**Exercise directions:** Starting with the line in which "阿里巴巴单季度亏损205亿元，机构却呼吁买入，越亏反而越值钱？" appears, give back every line exactly as written until the listing ends, excluding pictures.

# # # # # # #

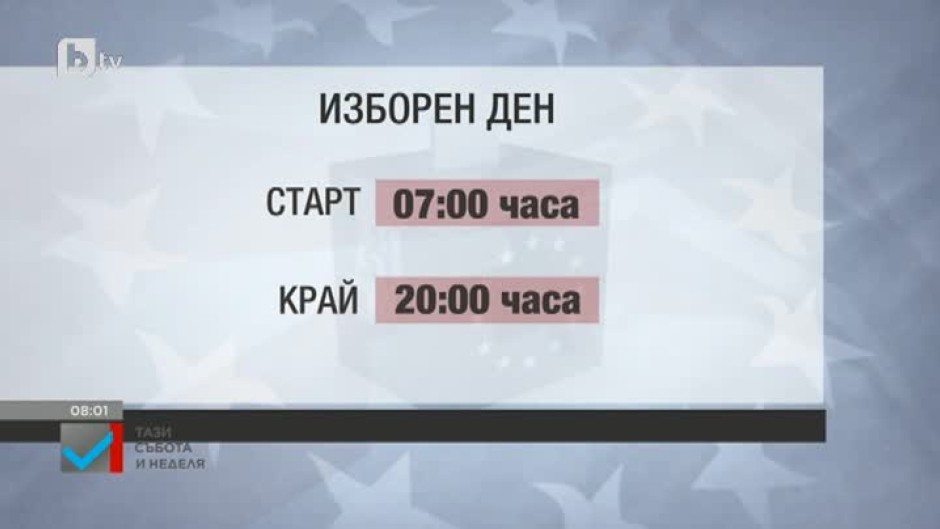 Избори за Европейски парламент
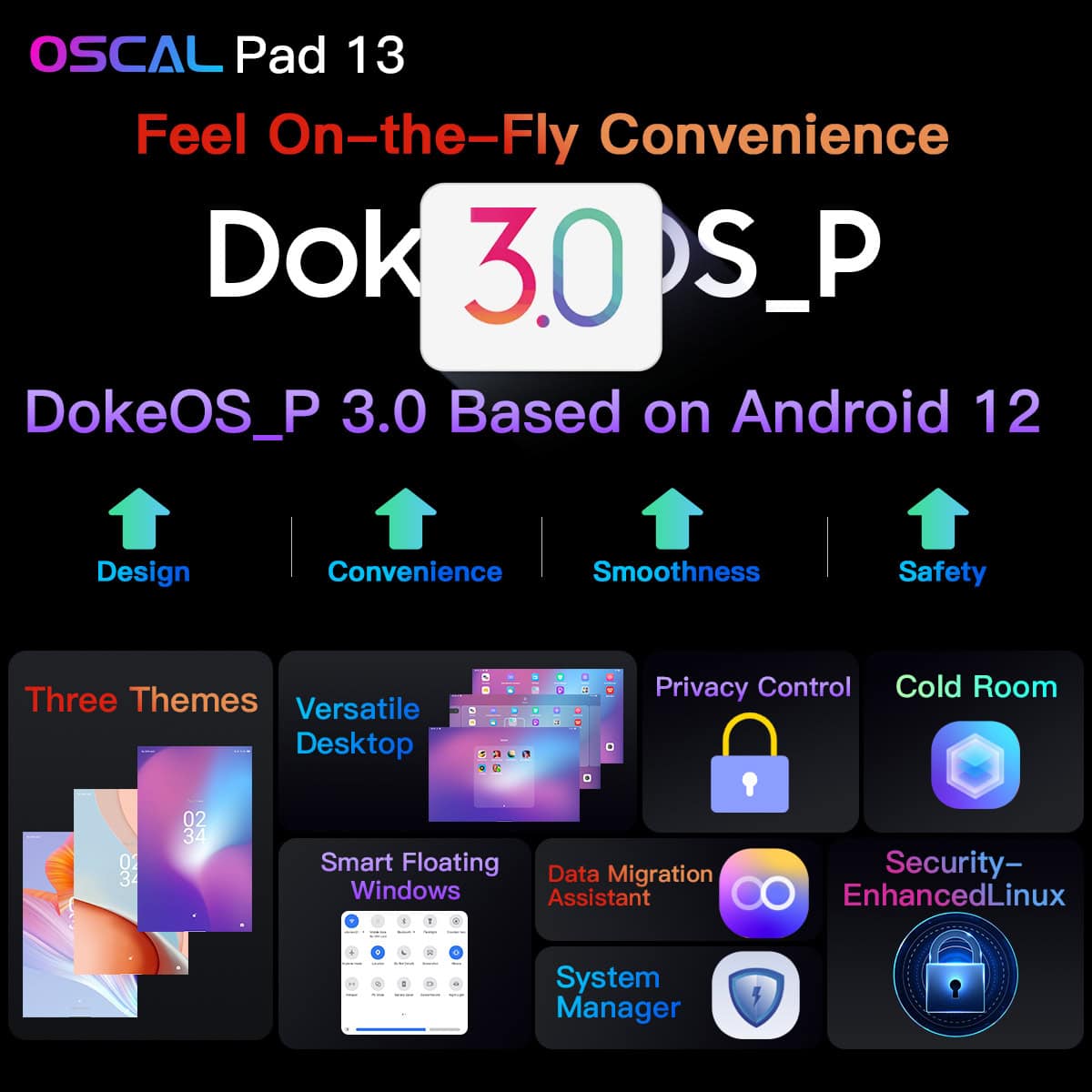 DokeOS_P 3.0 for Oscal Pad 13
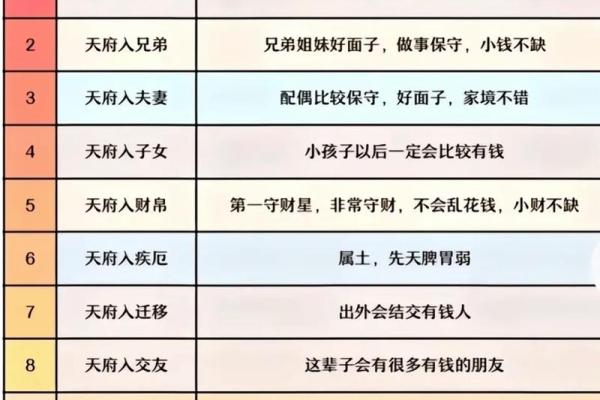 紫薇斗数对宫化入 紫薇斗数对宫化入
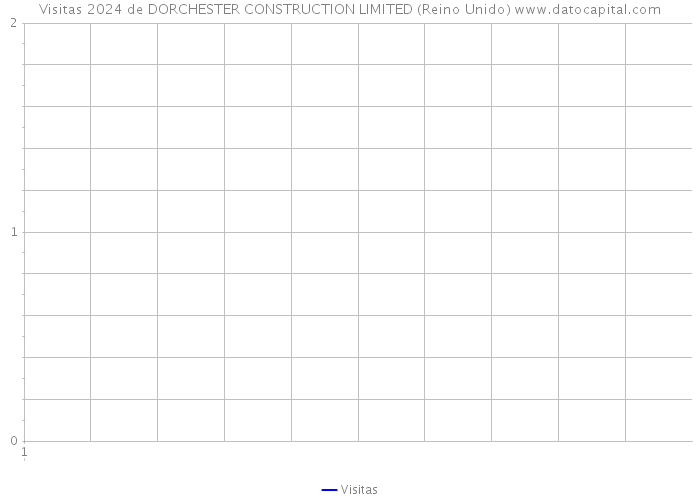 Visitas 2024 de DORCHESTER CONSTRUCTION LIMITED (Reino Unido) 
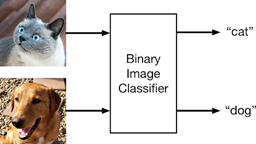 Artificial Intelligence Demystified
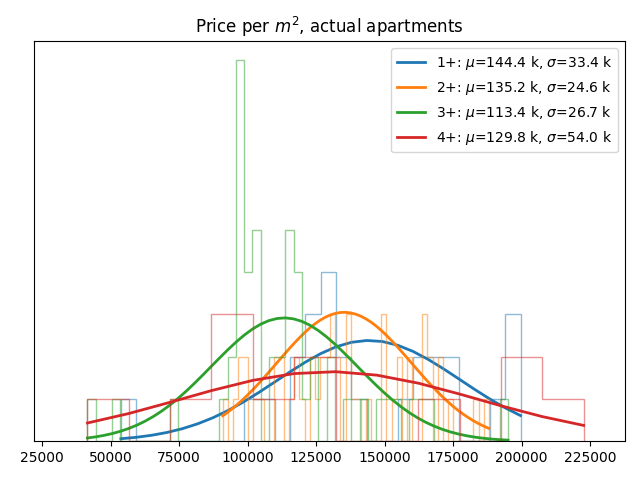 Price per square meter for actual apartments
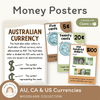 Money Posters - Woodland Theme Classroom Decor - Miss Jacobs Little Learners
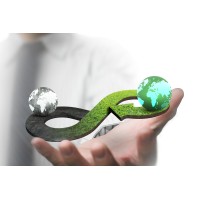 Book A Call Sustainable Circular Economy Consulting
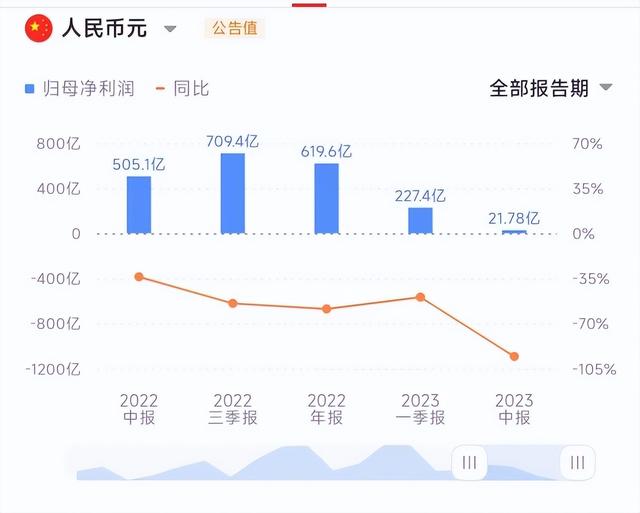 阿里巴巴单季度亏损205亿元，机构却呼吁买入，越亏反而越值钱？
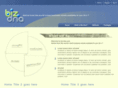 biz-dna.com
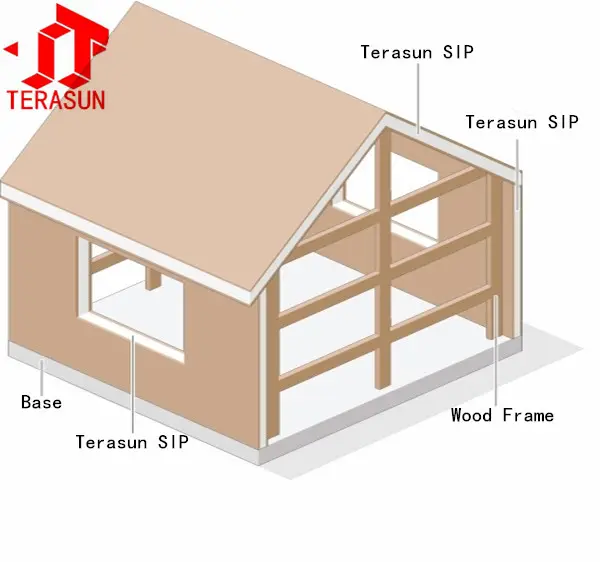 Stabilità EPS panino combinato con pannelli di superficie TSM SIP pannello uso popolare in architechtures con alta resistenza alla flessione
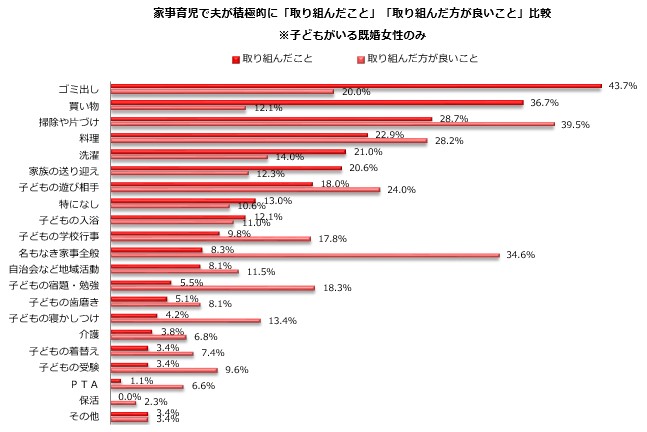『夫の家事育児2022』調査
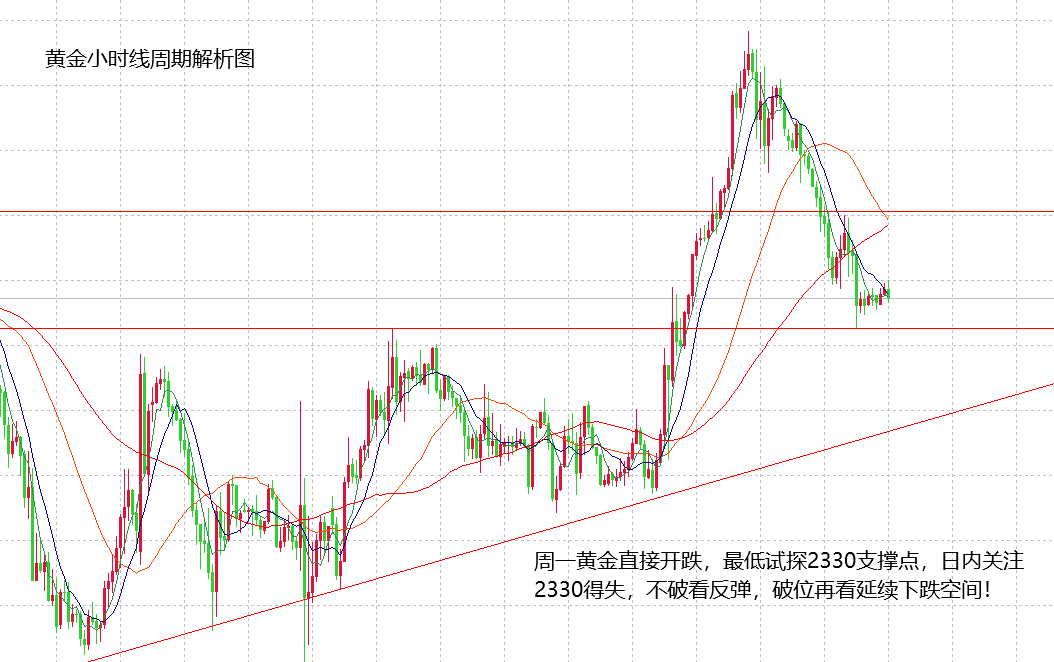 今晚黄金最新走势分析,今晚黄金最新走势分析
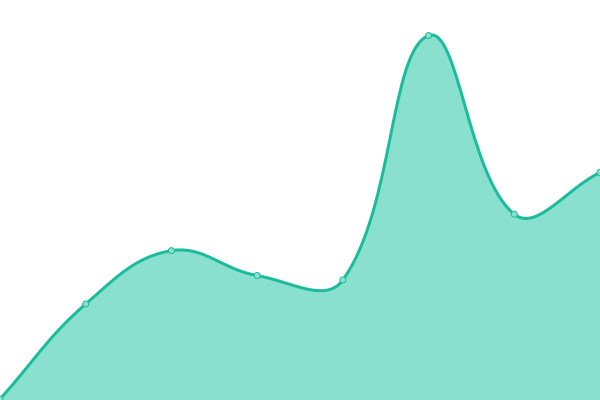 Response time graph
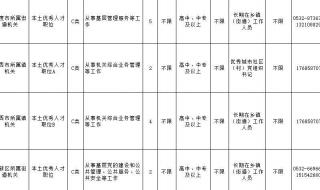 青岛公务员报名 青岛公务员报名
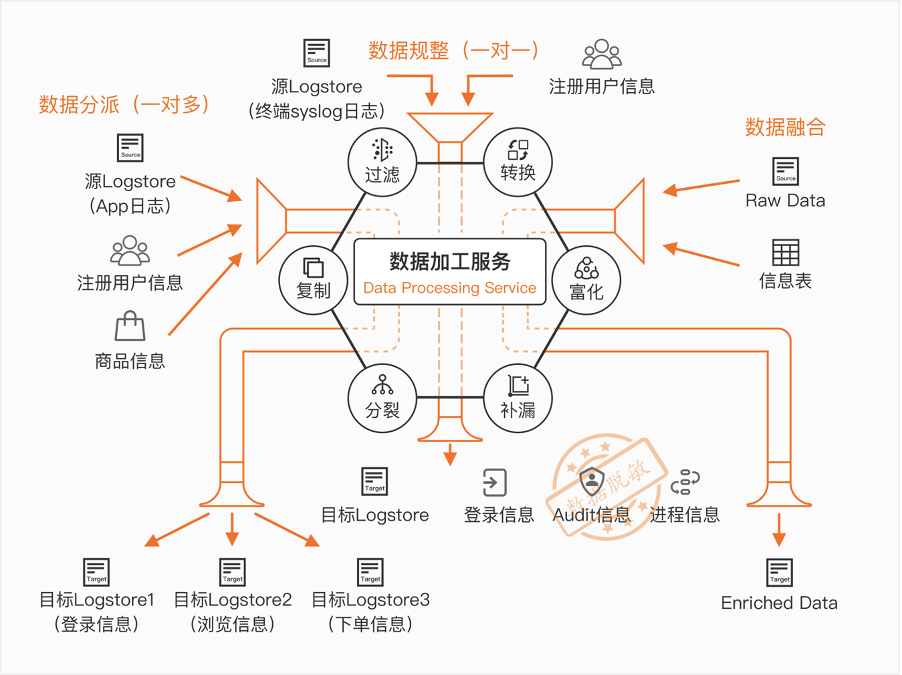 流利说图片5.png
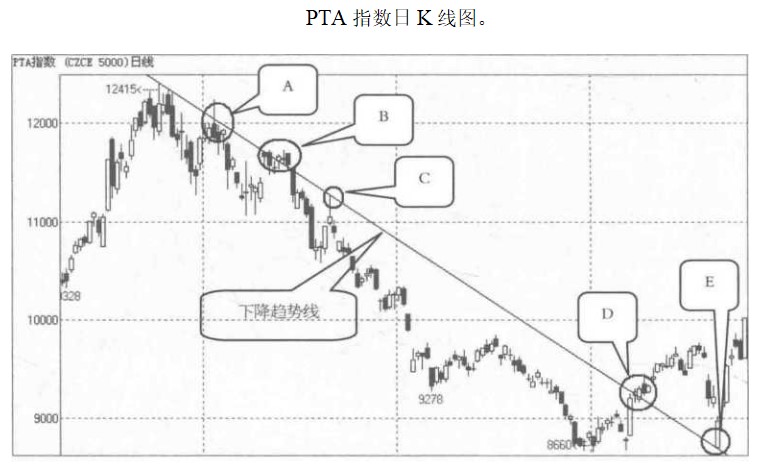 下降趋势线被有效突破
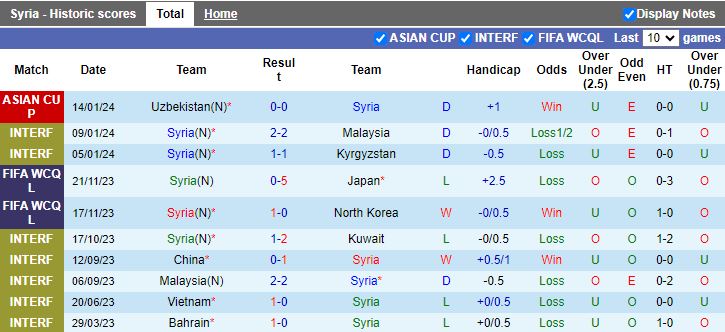 Soi kèo nhà cái Syria vs Australia, lúc 18h30 ngày 18/1/2024 - Ảnh 3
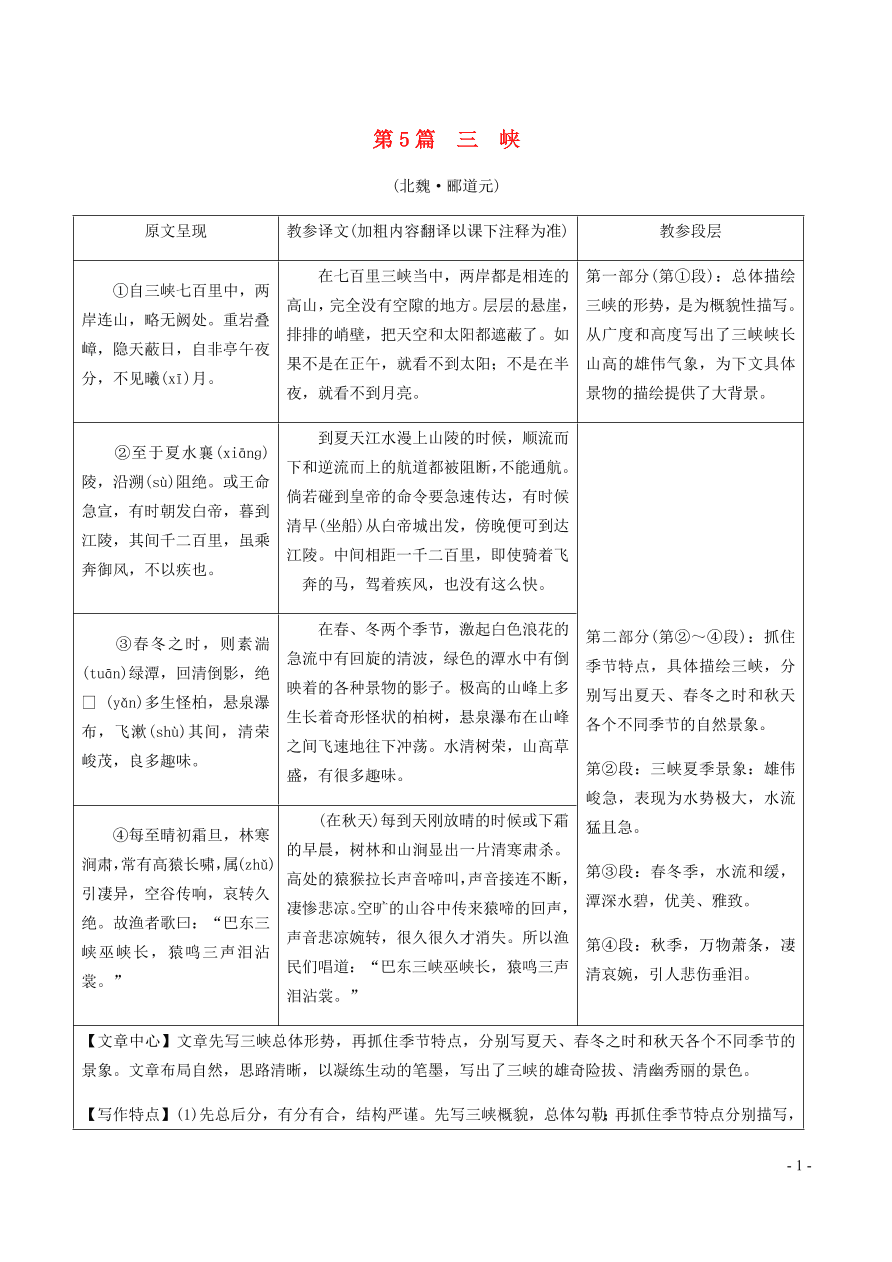 中考语文专题复习精炼课内文言文阅读第5篇三峡（含答案）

# # # # # # #

**The completed task:**
 阿里巴巴单季度亏损205亿元，机构却呼吁买入，越亏反而越值钱？
 biz-dna.com
 Stabilità EPS panino combinato con pannelli di superficie TSM SIP pannello uso popolare in architechtures con alta resistenza alla flessione
『夫の家事育児2022』調査
 今晚黄金最新走势分析,今晚黄金最新走势分析
 Response time graph
 青岛公务员报名 青岛公务员报名
 流利说图片5.png
 下降趋势线被有效突破
 Soi kèo nhà cái Syria vs Australia, lúc 18h30 ngày 18/1/2024 - Ảnh 3
 中考语文专题复习精炼课内文言文阅读第5篇三峡（含答案）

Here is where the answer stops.